Wilesmith and his team learned from herdsmen that several recent changes had been made to livestock diets. The first was a significant increase (from 1 percent to 12 percent) in the amount of meat and bone meal added to dairy cow feed. Calves were also receiving the protein supplement at an earlier age. As in other spongiform encephalopathies, there appeared to be a direct correlation between the amount of contaminated material ingested and the likelihood of contracting BSE. Similarly, the incubation period for BSE was apparently shorter in younger animals. In theory, then, before industry-wide changes in diet were implemented, calves received less of the contaminated supplement and did not start ingesting it until later in their lives. As a consequence, infected animals would have been slaughtered before they had a chance to get sick.
The results of Wilesmith’s epidemiological study were presented to ministry officials in May 1988. He told them that the BSE problem could be traced to the popular nutritional supplement that had been contaminated with sheep scrapie. This material had subsequently been fed to cows, sickening them. In retrospect, Wilesmith’s detective work was remarkably efficient, but ultimately his belief that BSE and scrapie were one in the same disease would place British consumers in peril for over a decade.
Back from New Guinea in 1963, Carleton Gajdusek realized that his fellow researchers had been correct about the striking similarities between kuru-infected brains, brains from victims of Creutzfeldt-Jakob disease, and those from sheep with scrapie. The puzzle was just beginning to come together when yet another piece was discovered—but this one was several decades old.
In 1947, an outbreak of what would become known as transmissible mink encephalopathy (TME) in farm-raised mink led investigators to search for links between the ranches where infected animals had been identified. They discovered that it was a common practice for adjacently located ranches to share animal feed. In these instances, when mink from one ranch came down with TME, invariably so did animals from the adjacent ranch. The feed itself was a vile mess composed of cereal, fish, meatpacking plant by-products like sheep entrails and other internal organs, and flesh from downer cattle.
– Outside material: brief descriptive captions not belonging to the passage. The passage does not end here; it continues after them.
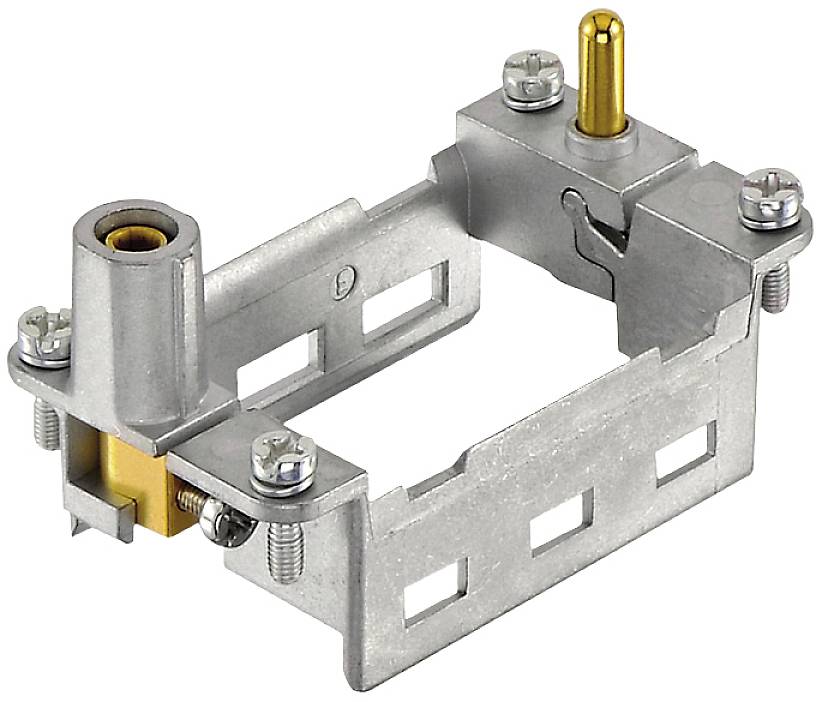Ein Metallhalter mit mehreren Schraubpunkten, geeignet zur Befestigung kleiner elektrischer Komponenten.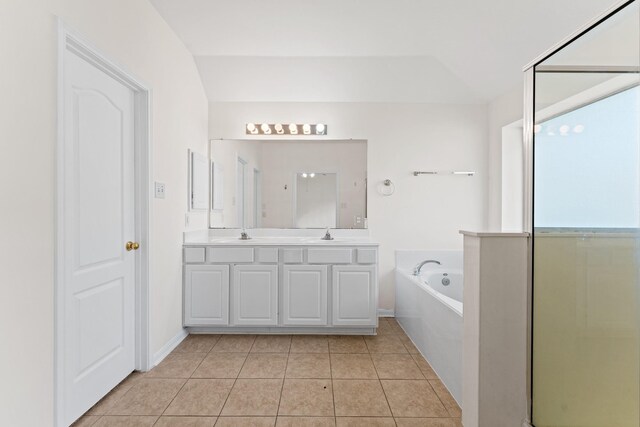 1627 Pebble Brk, Missouri City, TX 77459 - bathroom featuring a garden tub, double vanity, tile patterned floors, and a shower with shower door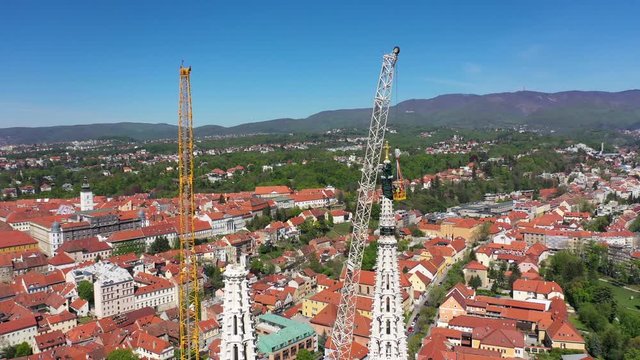 Zagreb Cathedral North Tower, damaged in Earthquake, preparing for controlled demolition by alpinists - Aerial Drone View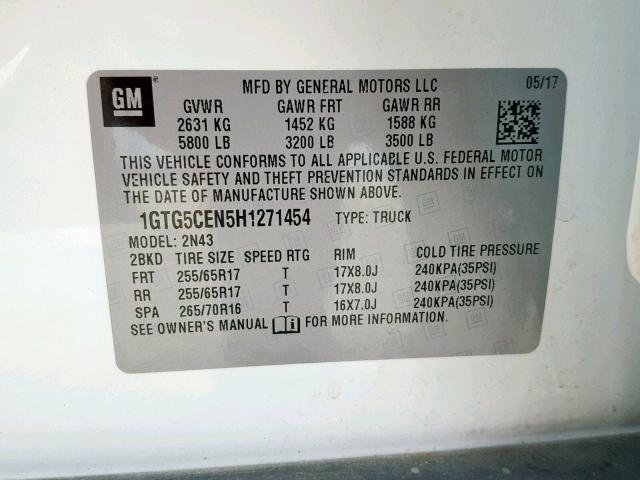 1GTG5CEN5H1271454 - 2017 GMC CANYON SLE WHITE photo 10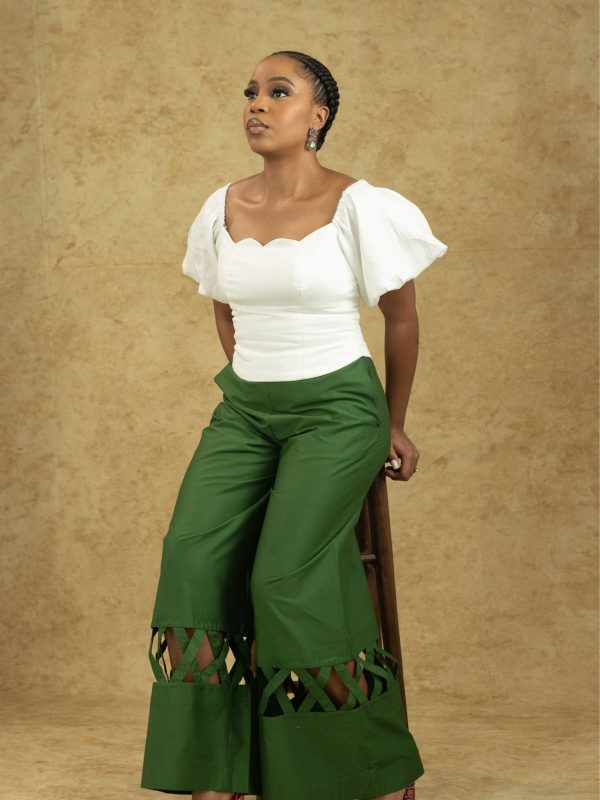 Zuri Set – Women's Puff Sleeve Corset Top & Wide-Leg Pants with Cutout Hem | Bold & Elegant Two-Piece Outfit - Image 6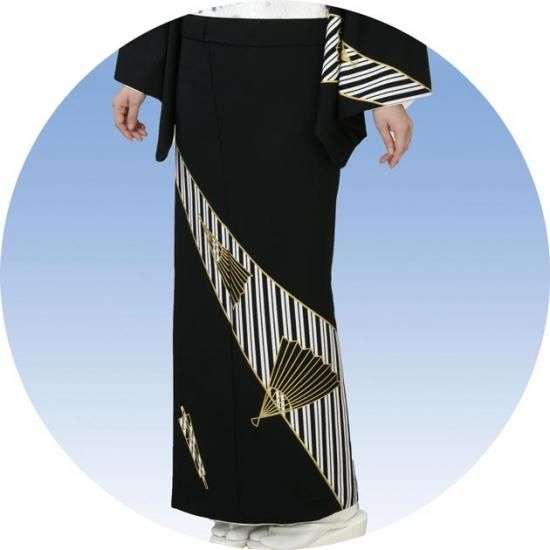 踊り 着物 附下 絵羽 着物（きもの）30-45 胴抜き仕立上がり黒地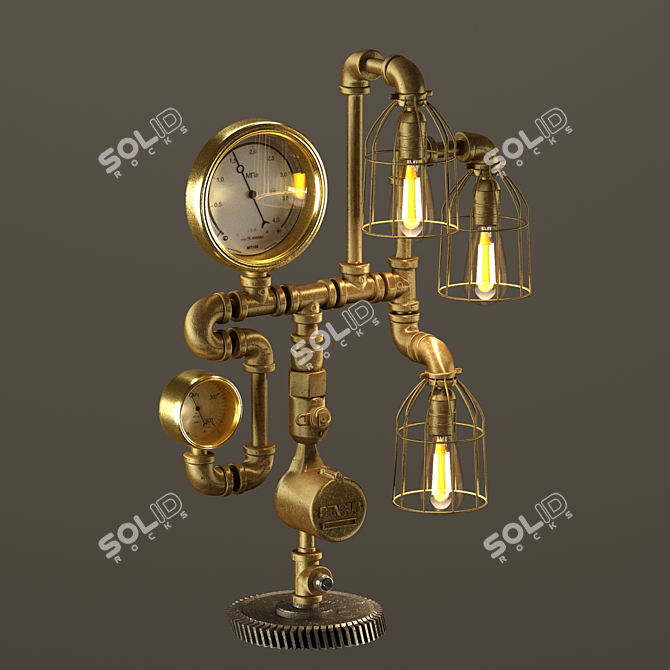 Vintage Industrial Pipe Table Lamp 3D model image 1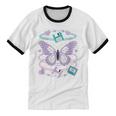 Y2K Butterfly Floppy Disk Art Digital Nostalgia Unisex Cotton Ringer T-Shirt Y2K Butterfly Floppy Disk Art Digital Nostalgia Unisex Cotton Ringer T-Shirt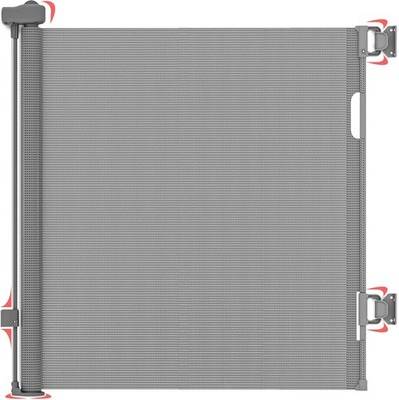 Wide stair gate Grey Retractable Stair Gate With Secure 2-Step Lock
By the time another outbreak of TME occurred in 1963, veterinary researchers suspected that something very strange had happened—the disease had been transmitted across species, in this case from sheep to mink.
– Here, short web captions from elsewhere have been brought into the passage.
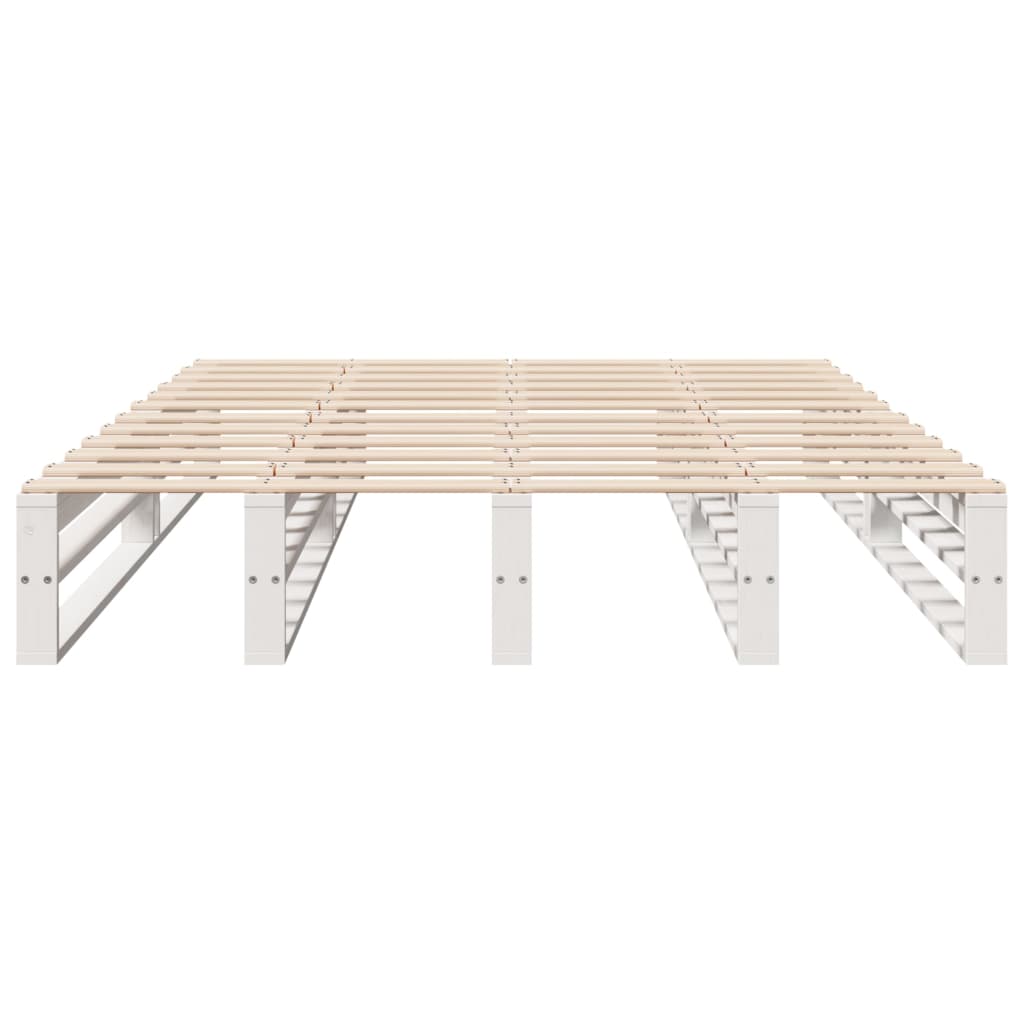 Bed Frame without Mattress White 120x190 cm Small Double Solid Wood Pine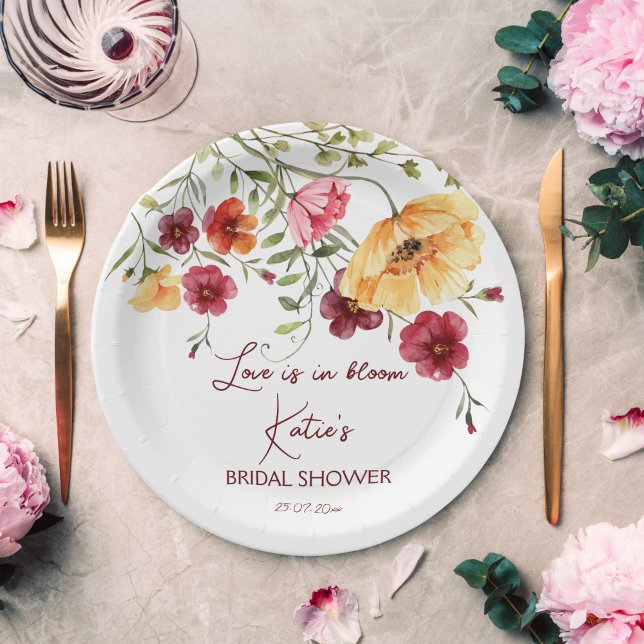 Assiettes En Carton L'amour est en fleurs bordeaux fleurs nuptiale dou (Créateur téléchargé)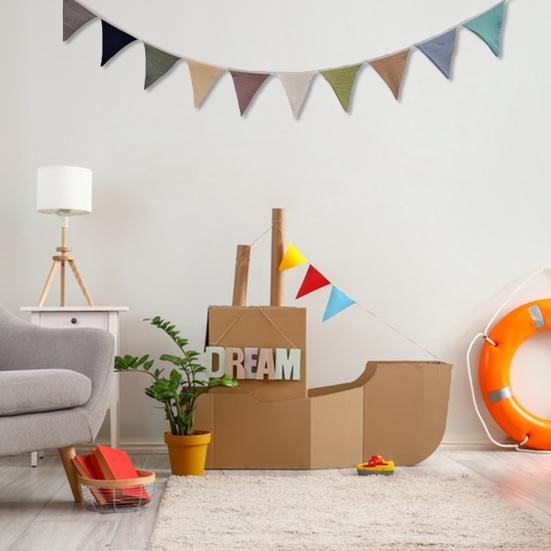 Vimpelbanner Vimpelflagg Barneromsgirland Stoff Babybanner Trekantvimpler Streamers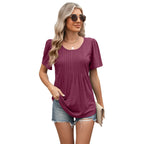Jebediah | Women's Puff Sleeve Pleated Peplum Round Neck Loose Top
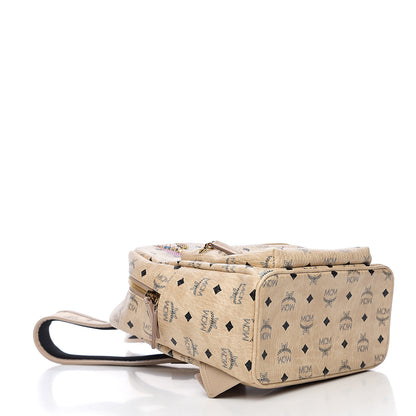 MCM Visetos Small Studded Stark Rabbit Backpack Beige 3 of 9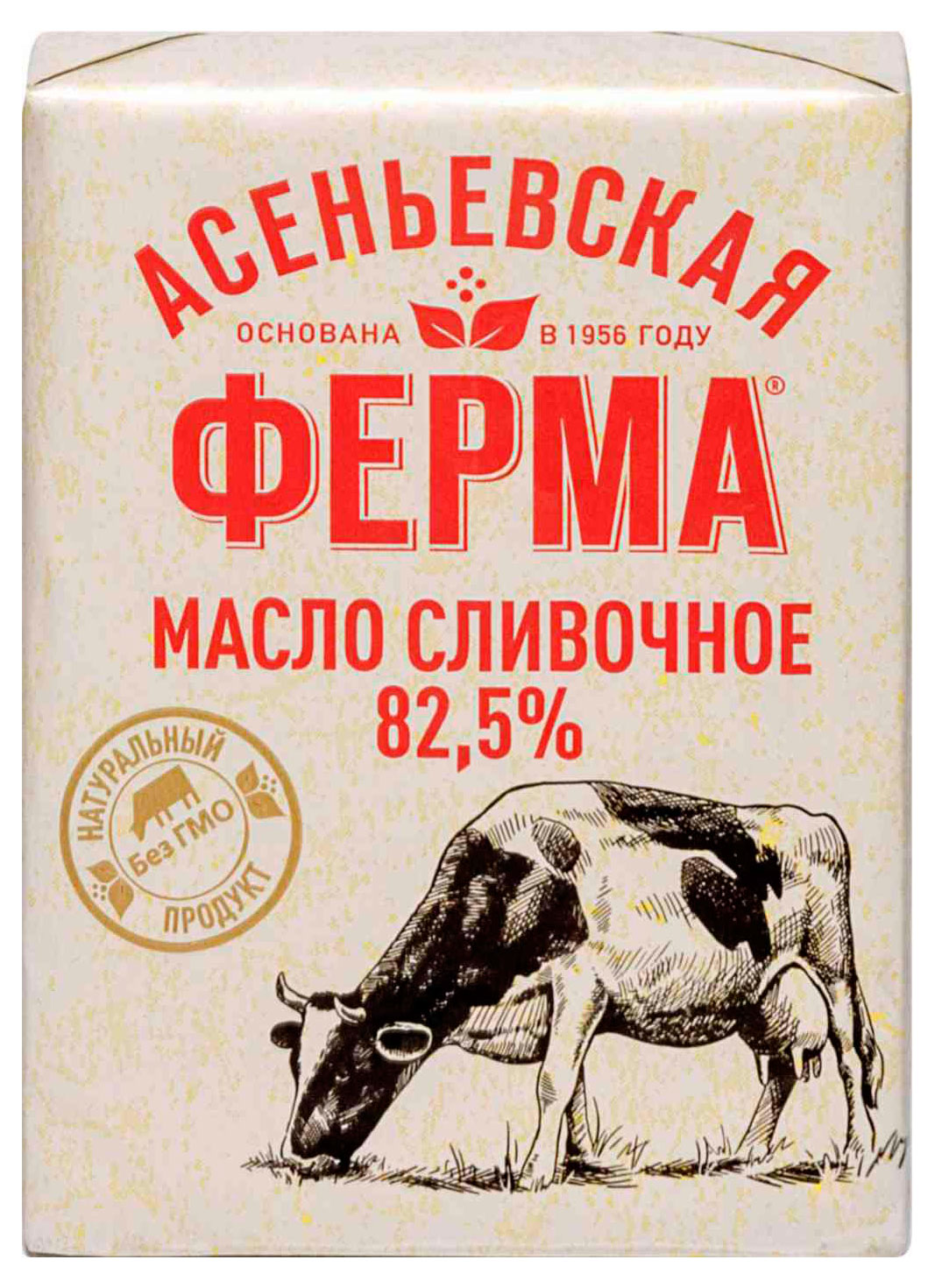 Масло традиционное сладко-сливочное «Асеньевская ферма» 82,5% БЗМЖ, 180 г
By September 1963, similarities in kuru-, scrapie-, and TME-infected brain tissue, coupled with the discovery that TME and scrapie could be transmitted within and between species, led Gajdusek and NIH researcher Joe Gibbs to an important experiment. At the Patuxtent, Maryland, lab they inoculated a trio of chimpanzees with liquefied brain tissue from kuru victims. If the chimps came down with the disease, it would prove once and for all that kuru was not a genetic abnormality or a stress-related psychosis, but an infectious or transmissible agent. As the antsy Gajdusek left the U.S. for another field season in New Guinea, he worried about the long, symptom-free incubation period for scrapie, which sometimes extended up to five years post-exposure. What if his experimental animals didn’t get sick for five years or more?
Gajdusek need not have worried. Less than two years after being inoculated, two of the chimps, Georgette and Daisy, began showing the telltale signs of kuru—at first a drooping lower lip in Georgette, and then changes in behavior as both primates became more lethargic. Eventually the apes began to show even more clear symptoms of the disease: occasional unsteadiness and trembling followed by a gradual loss of balance.
When informed of these developments, Gajdusek was excited but cautious, worrying that the chimps might have been accidentally contaminated with scrapie. His coworkers assured him that there had been no contamination. As the researcher alternated between elation and skepticism, back in Maryland the physical deterioration of the chimps continued at a frightening pace. Only four months after the first symptoms appeared, Georgette and Daisy were almost completely paralyzed. With Gajdusek carrying out field work in one of the most isolated regions in the world, his coworkers called in a neuropathologist from London to assist with the post-mortem analysis.
On October 28, 1965, Georgette was anesthetized and sacrificed by the heartbroken researchers. Her entire body was deconstructed, fixed, and preserved, and her brain was sectioned for microscopic analysis. The results were 100 percent conclusive. Slides of Georgette’s cerebellum were indistinguishable from those of human kuru victims.
Carleton Gajdusek and his colleagues had discovered a brand new disease.